Jakarta, Aktual.co — Gubernur Sumatera Utara, Gatot Pujo Nugroho, dilaporkan ke Komisi Pemberantasan Korupsi (KPK). Tak tanggung-tanggung, Gatot dilaporkan atas empat kasus dugaan korupsi.

Laporan itu, disampaikan Aliansi Forum Masyarakat Peduli (Formad) Sumatera Utara (Sumut). Atas laporan itu, KPK berjanji akan menindaklanjuti.

“KPK tidak boleh pandang bulu. Usut dugaan korupsi Gubsu Gatot,” ujar Ketua Presidium Formad Sumut, Kamaluddin Lubis, di Gedung KPK, Jakarta, Senin (6/4).

Sebelum memberikan sejumlah data, Formad lebih dulu menggelar aksi damai di depan pintu masuk Gedung KPK. Ratusan massa bahkan memajang spanduk agar KPK mengusut sejumlah dugaan korupsi Gatoto, termasuk Anggaran Pendapatan dan Belanja Daerah (APBD) Sumut Tahun Anggaran 2011-2013.

Selain itu, Massa juga membawa dan memajang poster Gatot dengan sejumlah istrinya. Baik berdiri maupun berboncengan di atas motor gede (moge).

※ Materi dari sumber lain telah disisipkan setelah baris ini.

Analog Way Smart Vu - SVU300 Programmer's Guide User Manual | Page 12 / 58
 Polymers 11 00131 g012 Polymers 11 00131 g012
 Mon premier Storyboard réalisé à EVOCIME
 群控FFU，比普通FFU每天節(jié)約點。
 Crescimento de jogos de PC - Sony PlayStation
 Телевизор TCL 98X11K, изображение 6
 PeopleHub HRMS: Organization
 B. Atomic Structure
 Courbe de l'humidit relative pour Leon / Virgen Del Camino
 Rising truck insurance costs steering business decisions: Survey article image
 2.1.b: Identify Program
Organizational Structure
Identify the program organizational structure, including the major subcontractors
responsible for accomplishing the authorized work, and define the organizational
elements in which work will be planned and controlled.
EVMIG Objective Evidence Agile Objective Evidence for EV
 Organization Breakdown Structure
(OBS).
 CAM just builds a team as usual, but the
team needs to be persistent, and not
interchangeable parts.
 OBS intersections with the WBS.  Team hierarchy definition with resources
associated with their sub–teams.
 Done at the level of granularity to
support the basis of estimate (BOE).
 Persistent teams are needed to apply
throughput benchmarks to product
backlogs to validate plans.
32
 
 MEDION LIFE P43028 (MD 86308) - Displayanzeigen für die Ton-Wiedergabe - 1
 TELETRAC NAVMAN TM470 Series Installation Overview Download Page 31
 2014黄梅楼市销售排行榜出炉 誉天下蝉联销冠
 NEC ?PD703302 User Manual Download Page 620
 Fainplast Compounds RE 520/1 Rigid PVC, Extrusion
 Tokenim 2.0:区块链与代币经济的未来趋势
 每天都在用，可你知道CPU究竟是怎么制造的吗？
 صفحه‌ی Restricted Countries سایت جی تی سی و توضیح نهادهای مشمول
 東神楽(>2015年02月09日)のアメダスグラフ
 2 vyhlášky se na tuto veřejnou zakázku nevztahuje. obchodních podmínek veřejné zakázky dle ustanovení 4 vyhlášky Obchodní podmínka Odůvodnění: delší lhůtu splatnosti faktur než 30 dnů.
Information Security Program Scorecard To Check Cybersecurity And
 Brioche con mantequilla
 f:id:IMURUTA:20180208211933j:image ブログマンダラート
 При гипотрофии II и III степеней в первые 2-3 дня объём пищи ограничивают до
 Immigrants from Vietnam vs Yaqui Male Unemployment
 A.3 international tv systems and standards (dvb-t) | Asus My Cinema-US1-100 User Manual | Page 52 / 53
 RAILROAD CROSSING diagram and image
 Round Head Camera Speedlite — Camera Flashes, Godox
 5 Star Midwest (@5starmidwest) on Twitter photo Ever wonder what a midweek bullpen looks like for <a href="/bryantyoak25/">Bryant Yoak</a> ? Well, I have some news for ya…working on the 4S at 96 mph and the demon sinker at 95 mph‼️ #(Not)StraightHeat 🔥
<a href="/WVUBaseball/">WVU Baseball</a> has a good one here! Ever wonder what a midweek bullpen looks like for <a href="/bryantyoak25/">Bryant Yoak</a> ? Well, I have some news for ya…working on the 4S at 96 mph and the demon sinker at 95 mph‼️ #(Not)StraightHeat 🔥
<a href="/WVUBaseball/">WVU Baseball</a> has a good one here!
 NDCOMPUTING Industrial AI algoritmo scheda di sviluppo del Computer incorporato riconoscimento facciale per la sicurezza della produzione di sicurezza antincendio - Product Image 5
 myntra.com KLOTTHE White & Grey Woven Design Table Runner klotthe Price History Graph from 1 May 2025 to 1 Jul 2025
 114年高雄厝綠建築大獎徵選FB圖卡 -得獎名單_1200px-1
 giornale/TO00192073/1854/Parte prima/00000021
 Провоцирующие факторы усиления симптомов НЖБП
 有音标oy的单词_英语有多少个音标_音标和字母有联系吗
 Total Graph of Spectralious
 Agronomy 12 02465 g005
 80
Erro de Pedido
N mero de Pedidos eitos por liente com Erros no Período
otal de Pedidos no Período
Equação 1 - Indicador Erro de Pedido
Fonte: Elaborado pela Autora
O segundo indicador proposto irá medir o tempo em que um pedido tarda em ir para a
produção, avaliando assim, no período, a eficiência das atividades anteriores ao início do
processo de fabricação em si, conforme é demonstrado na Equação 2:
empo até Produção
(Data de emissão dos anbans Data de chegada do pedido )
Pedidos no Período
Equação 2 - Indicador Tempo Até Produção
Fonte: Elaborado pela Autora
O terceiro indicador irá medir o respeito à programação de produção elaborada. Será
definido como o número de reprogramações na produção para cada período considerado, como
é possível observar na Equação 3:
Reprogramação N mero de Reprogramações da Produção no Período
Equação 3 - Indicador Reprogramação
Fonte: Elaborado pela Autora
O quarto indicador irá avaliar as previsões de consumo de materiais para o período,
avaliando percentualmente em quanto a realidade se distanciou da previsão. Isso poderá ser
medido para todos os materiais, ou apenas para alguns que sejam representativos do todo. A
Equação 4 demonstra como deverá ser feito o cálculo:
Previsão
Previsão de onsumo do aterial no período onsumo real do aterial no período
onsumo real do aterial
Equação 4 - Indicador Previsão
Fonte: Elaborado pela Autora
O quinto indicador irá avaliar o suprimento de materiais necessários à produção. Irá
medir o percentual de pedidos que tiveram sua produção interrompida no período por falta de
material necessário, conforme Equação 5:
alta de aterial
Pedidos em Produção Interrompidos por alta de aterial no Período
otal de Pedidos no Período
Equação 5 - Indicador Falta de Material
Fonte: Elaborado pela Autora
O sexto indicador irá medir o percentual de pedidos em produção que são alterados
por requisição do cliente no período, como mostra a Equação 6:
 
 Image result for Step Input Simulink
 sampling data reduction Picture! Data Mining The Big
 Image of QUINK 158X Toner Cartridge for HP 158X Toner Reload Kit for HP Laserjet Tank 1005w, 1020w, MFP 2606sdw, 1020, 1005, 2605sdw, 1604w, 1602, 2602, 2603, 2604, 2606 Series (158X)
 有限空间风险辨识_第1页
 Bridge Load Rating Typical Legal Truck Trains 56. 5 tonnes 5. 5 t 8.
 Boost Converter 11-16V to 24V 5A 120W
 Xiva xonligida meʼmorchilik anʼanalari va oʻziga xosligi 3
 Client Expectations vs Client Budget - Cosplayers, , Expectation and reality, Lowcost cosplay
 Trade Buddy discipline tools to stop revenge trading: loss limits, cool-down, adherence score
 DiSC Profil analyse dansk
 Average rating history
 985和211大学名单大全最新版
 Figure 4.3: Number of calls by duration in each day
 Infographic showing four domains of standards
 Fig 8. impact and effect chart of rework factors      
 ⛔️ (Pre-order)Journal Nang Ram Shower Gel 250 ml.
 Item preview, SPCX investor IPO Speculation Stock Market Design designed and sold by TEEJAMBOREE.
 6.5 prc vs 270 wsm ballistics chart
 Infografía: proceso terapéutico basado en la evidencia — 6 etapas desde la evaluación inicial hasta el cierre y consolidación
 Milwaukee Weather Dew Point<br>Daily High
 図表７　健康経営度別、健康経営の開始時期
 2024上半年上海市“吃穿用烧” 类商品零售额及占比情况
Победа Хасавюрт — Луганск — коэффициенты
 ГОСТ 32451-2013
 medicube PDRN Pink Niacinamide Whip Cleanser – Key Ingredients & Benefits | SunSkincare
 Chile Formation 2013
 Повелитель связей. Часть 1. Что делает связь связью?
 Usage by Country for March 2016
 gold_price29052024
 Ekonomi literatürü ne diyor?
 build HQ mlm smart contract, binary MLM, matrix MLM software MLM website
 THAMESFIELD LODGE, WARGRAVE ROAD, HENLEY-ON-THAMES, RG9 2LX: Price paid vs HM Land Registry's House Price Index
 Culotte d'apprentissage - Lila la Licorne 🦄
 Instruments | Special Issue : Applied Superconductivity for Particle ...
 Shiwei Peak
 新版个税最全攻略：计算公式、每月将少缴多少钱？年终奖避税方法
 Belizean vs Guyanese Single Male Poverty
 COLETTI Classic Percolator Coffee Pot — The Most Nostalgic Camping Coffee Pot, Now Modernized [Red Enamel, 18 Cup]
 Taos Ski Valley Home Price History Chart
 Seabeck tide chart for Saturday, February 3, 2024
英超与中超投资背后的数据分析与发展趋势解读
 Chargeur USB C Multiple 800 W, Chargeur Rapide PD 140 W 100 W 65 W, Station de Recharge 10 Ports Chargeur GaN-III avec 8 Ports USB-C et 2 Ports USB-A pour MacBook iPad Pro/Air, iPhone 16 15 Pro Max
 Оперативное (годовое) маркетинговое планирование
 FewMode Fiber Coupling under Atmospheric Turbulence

Poster-poster Gatot dengan istrinya itu diarak sejumlah massa perempuan yang berpakaian seksi dan minim.

Sekretaris Presidium Formad Sumut, Tumpal Pangabean menuturkan, proses terhadap Gatot bahkan bila perlu dilakukan dengan penangkapan. Dia menuturkan, dalam kesempatan Senin siang itu, pihaknya membeberkan sejumlah kasus korupsi dan dugaan perilaku amoral Gatot. Hal tersebut juga disuarahakan lewat orasi.

Ada lima poin yang disampaikan Formad. Pertama, temuan Badan Pemeriksa Keuangan (BPK) yang menjadi kewajiban Pemerintah Provinsi (Pemprov) Sumut kepada kabupaten/kota se-Sumut dari 2011 hingga 2013. Jumlahnya sebesar Rp2,2 triliun.

“Dana itu tidak dibayarkan. Anehnya, malah daerah kabupaten/kota diberikan bantuan bawahaan berupa dugaan gratifikasi. Pelanggaran hukum tersebut telah memakan korban dengan tertanggkapnya (mantan) Bupati Mandailing Natal Hidayat Batubara oleh KPK,” ujar Tumpal di depan massa aksi.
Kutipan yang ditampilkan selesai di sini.